Effects of COVID-19 on developing countries in Africa
The World Health Organization (WHO) took steps at the beginning of the pandemic to develop guidelines for developing countries that are considered to be at risk during a pandemic. This included detection measures, laboratory testing, community infection management, engagement and risk, travel advisories and restrictions, clinical management of critical cases, and case monitoring. To reduce the spread of the virus, the rally was based on three main measures for individuals: maintain social distance from other people, wear a mask that covers your nose and mouth, and stay home unless necessary (WHO, 2021 )).
Many developed countries in the midst of the pandemic were implementing strategies that had proven successful in China, such as partial and complete closures and restricted entry and exit to their countries (Yiu, Yiu & Li, 2020). As the pandemic continued to wreak havoc, tighter restrictions were put in place, especially in countries whose response time was delayed when the disease was first reported within their borders.
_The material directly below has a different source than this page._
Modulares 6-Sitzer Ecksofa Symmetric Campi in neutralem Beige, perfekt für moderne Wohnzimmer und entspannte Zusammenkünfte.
This included Spain, Italy, the United States, and countries that experienced rapid transmissions and reported thousands of cases in a single day (Liao, Zhang, Marley & Tang, 2020).
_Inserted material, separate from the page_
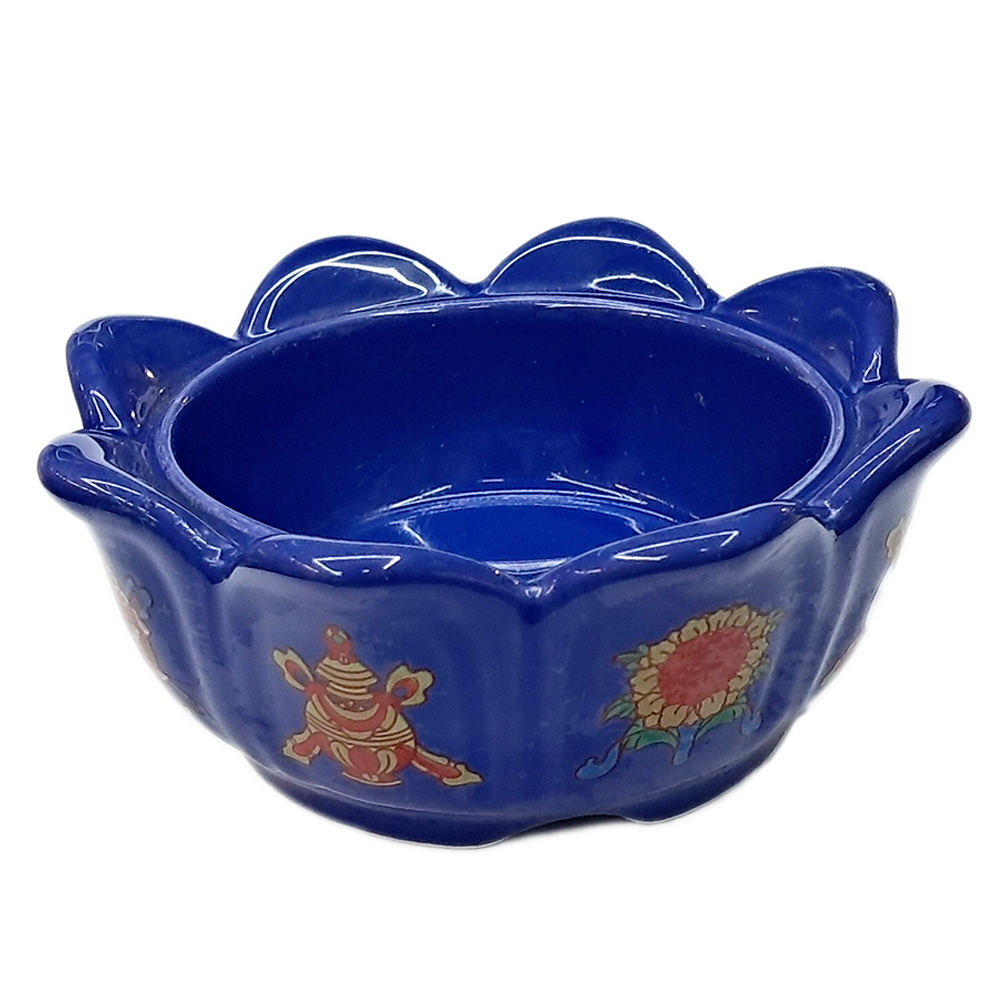 八吉祥 藍蓮花瓷座{吉祥 長壽百歲}【十方】154568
Given the overwhelming speed at which the virus was spreading in developed countries, it was predicted that developing countries, particularly in Africa, would bear the brunt of the pandemic in both health and economic sectors. African countries in particular are considered fragile health systems and it was believed that they would quickly become overwhelmed with devastating results. Low testing capacity, overcrowded slum housing and poor access to health care led the WHO, the United Nations and other experts to predict the deaths of over 300,000 Africans in the first year of the pandemic. However, the spread of the virus and the resulting deaths in Africa were far less than predicted, a factor that sparked debates about why the spread was less than other parts of the world. In September 2020, the Covid-19 death rate in Africa was 2.4%, down from 2.9% in North America and 4.5% in Europe (Winning, 2020).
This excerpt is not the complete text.